Normally I don’t bother with resolutions as, like most of us, I fail to keep them, but maybe I can just think of them as targets to aim for without punishing myself if I fail a few. I’ll share my thoughts with you and maybe you can hold me accountable. Anyway, here goes:

1)      To reduce the number of times I fail my family. Without wallowing in self-pity or suggesting I beat my wife and kids or anything, I am very aware that I let them down a lot. I fail to notice when V. needs me to listen or be there for her and I fail to realise to that my son and daughter are easily belittled by me when I tell them off for not tidying their rooms, doing the homework properly, washing correctly, doing enough music practise or just breathing incorrectly. I am still working out how to discipline them so they grow up knowing boundaries without crushing their character. Maybe this year I can get it right a little more.

2)      To reduce the number of times I fail my students. Again, mostly, I am not bad as a teacher but I am still looking for that Eureka moment when I finally work out the method for teaching that gets it completely right. I have moments of brilliance but, alas, many more moments of mediocrity. How can I inspire my students and push them to reach new heights of understanding whilst not crushing their creativity or stifling their need to be young and free. How can I be both friend and teacher and get the balance of both correct?

3)      To understand the Bangladeshi culture and language better. Despite hours and hours every week of studying, I feel my language is still the worst out of any bideshi who works here at LAMB. Yet, others seem to have done their study long ago and don’t do much or any now but have a much better understanding than I do. I get frustrated that there is so much language yet to be learned and so little time. As for the culture – gosh I’ve hardly begun! I am very aware that I have so little understanding of how Bangladesh works. I feel I owe it to my friends here to grasp the culture much more so that I can avoid stepping on toes and causing offence. About the only thing I have learned from my Bangladeshi friends here is that most of the bideshis who think they know the culture well have often got it hopelessly wrong. It does not bode well for me with even less understanding, I must say.

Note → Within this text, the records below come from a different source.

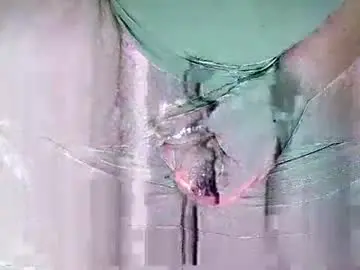 Chaturbate Best Webcam of suesser0009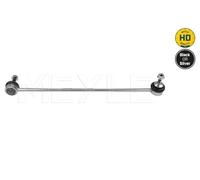 MEYLE 316 060 0003/HD Asta/Puntone, Stabilizzatore per BMW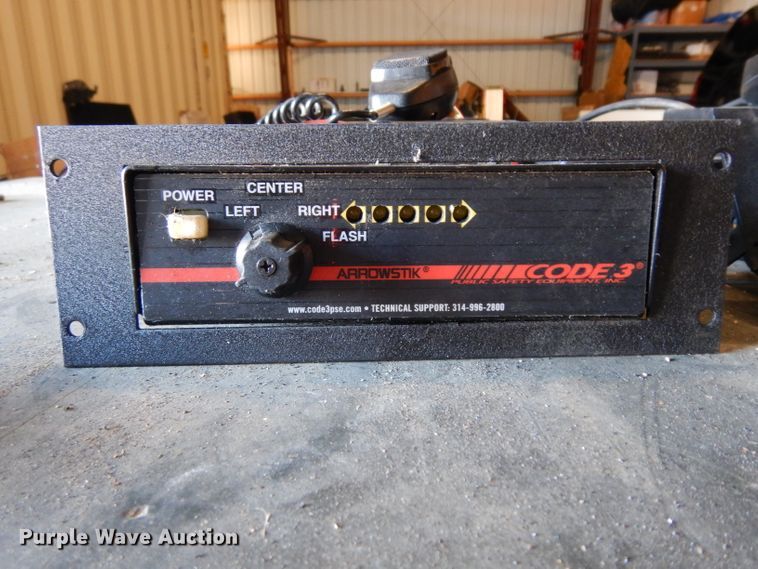 image for item ER9808 Electronics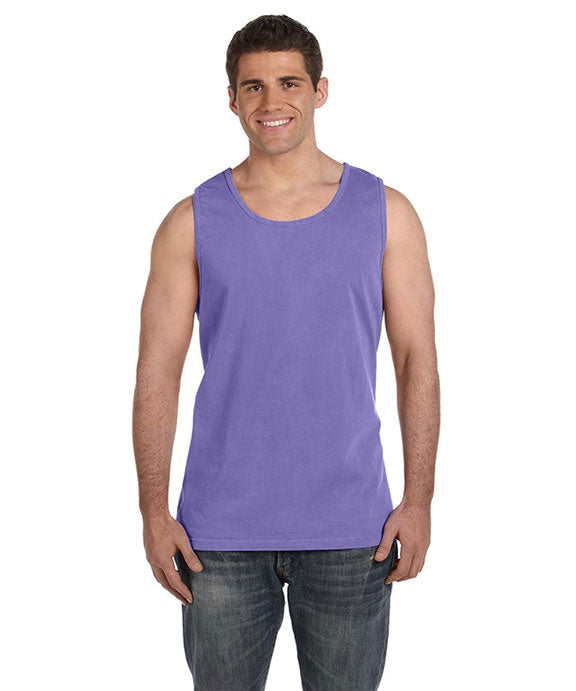 variant:Violet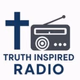 Logo de Truth Inspired Radio
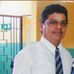 Carlos Barcos Carriel - Facebook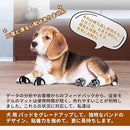 ffffffffcfbfc85ee63fc60ecc02c700c730fd3aebd8fff9edff996f65314948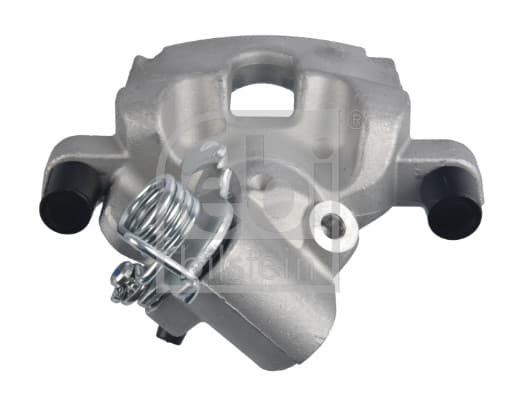 Brake calliper image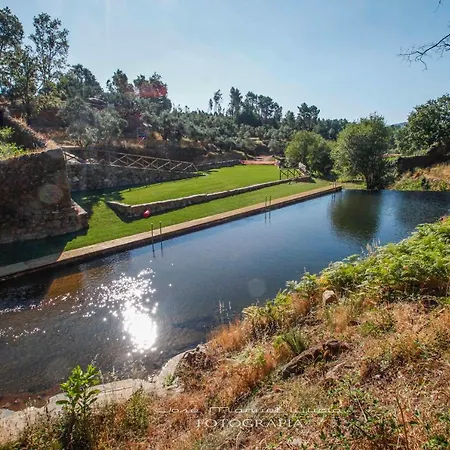 At La Abuela Antonia-el Gurugu Appartement *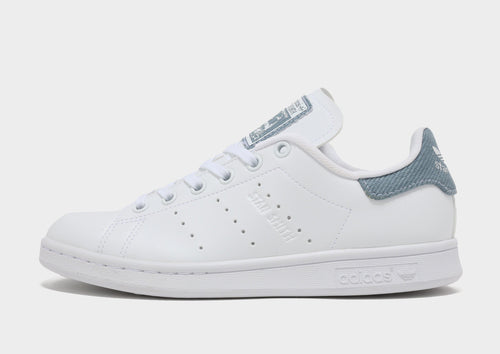 Adidas Stan Smith Shoes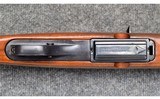 Winchester ~ 100 ~ .308 Win - 9 of 11
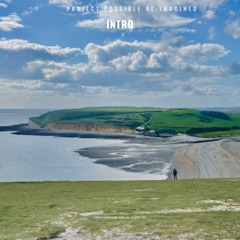 Ambience music for film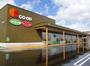 スーパー　コープさっぽろ西宮の沢店（スーパー）まで350m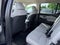 2023 Honda Pilot LX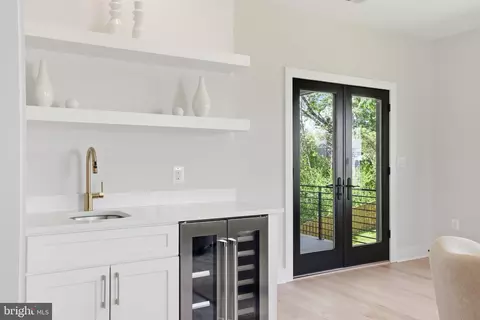 Other - 6514 Byrnes Dr, Mclean, VA 22101 photo 16 of 43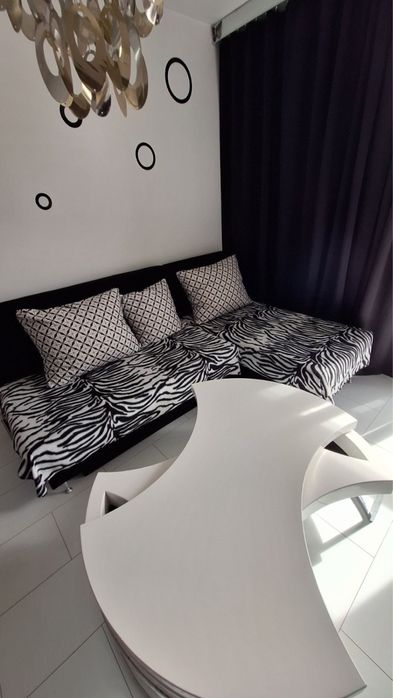 Продава се Двустаен апартамент в Пловдив, Старият град - 41 кв.м за 1654 €/кв.м - Снимка #8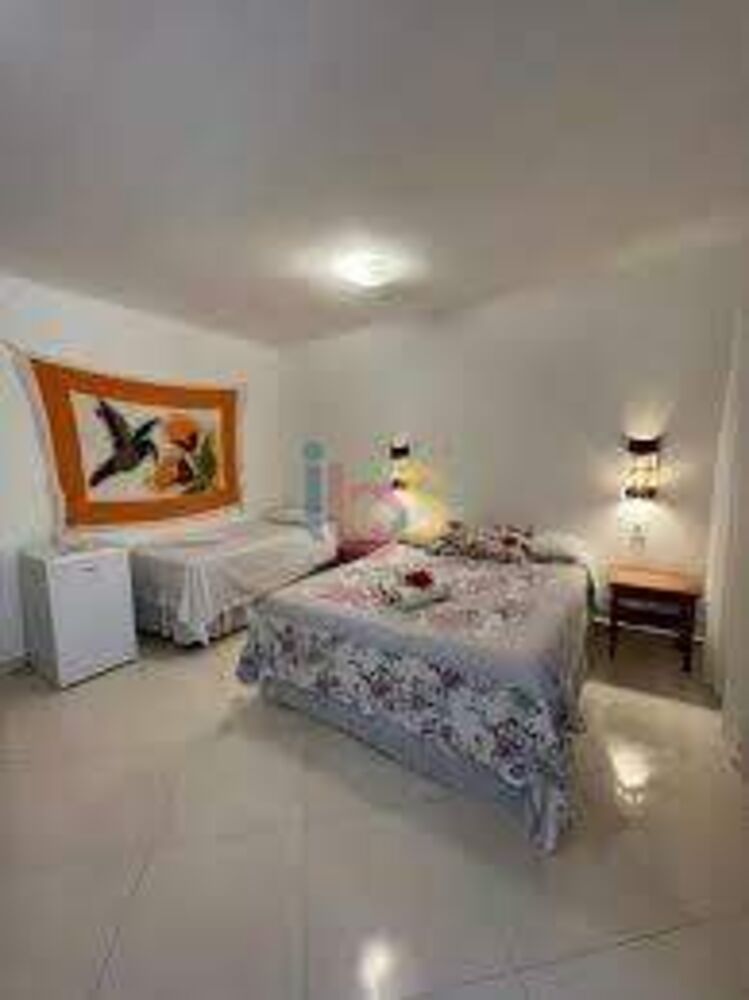 Hotel, 13 quartos, 650 m² - Foto 17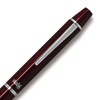 Pilot FriXion Ball 3 Biz 0.5mm (Bordeaux)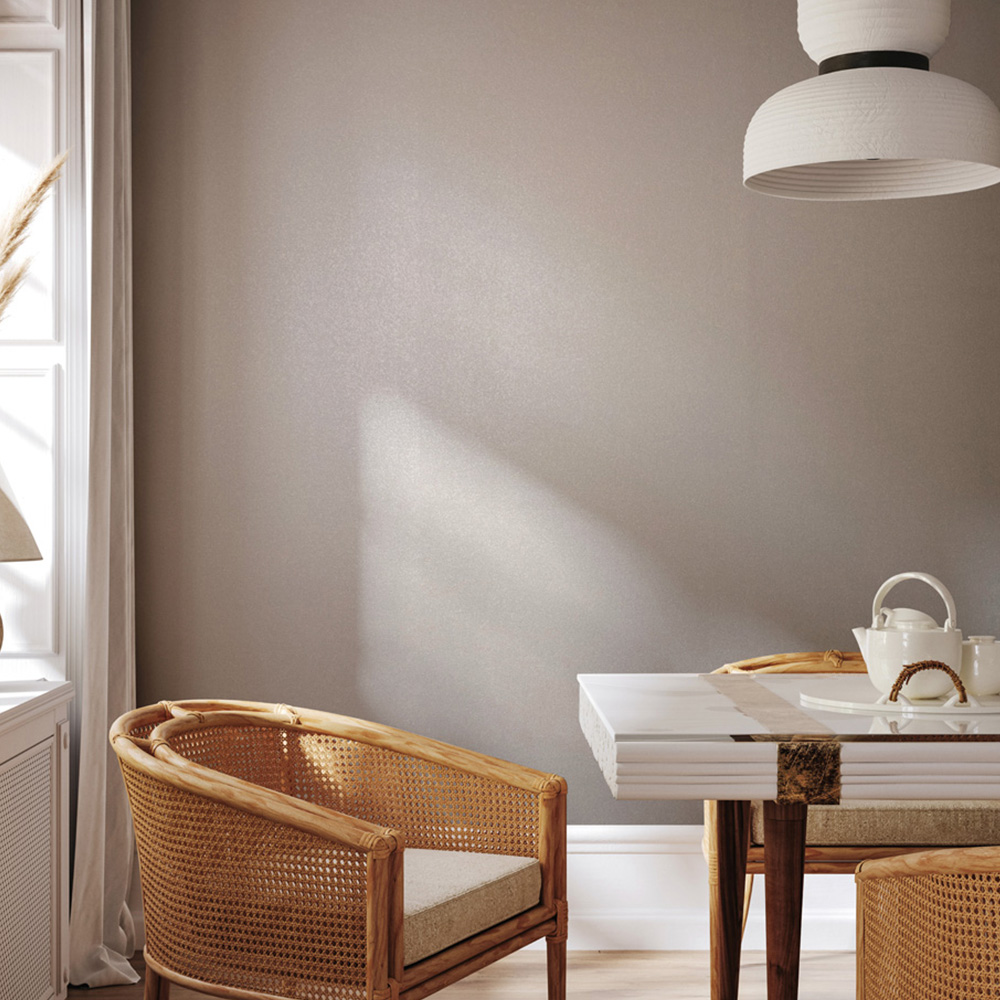 Galerie Industrial Effects Off White Wallpaper Image 4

4)      To get published in magazines. In this early stage of learning to be a writer I’ve cracked the blog and the newspapers but next is to get some articles and maybe some short stories in magazines. I would really love to get one or two of the books I have been working on out too but considering it has taken me thirty years of playing with writing to get around to completing enough to get published in anything at all, I have no idea whether something as grand as a book could get finished! Still, it’s an aim. Don’t hold me too accountable for this one…

5)      To build better relationships between Bangladesh and the West. Ultimately, that’s what I have always been seeking even before coming here and is, in part, what has motivated me to write at all. To try and stop people in my own country and elsewhere just throwing money at ‘the problem’ and feeling they have ‘done their part’ by donating to charity. Instead, I want people to see that there is a very real world outside their own and that they can do something very real to change a part of it. I am under no illusions that our time in Bangladesh will make any real significant difference to the country. But we have made a difference in the lives of a few here and, along with many, many others here  - bideshi and Bangladeshi – collectively that builds up into this wonderful place that LAMB is. On our own it is nothing, but together, in relationship, it is everything. If people back home can just grasp this and have a desire not to ‘do their bit’ so much as to ‘get involved’ then much greater change can happen throughout the world.

Well then, that’s the list. I have no idea whether any of it is achievable or even if I should begin to try. But, it should be interesting to find out.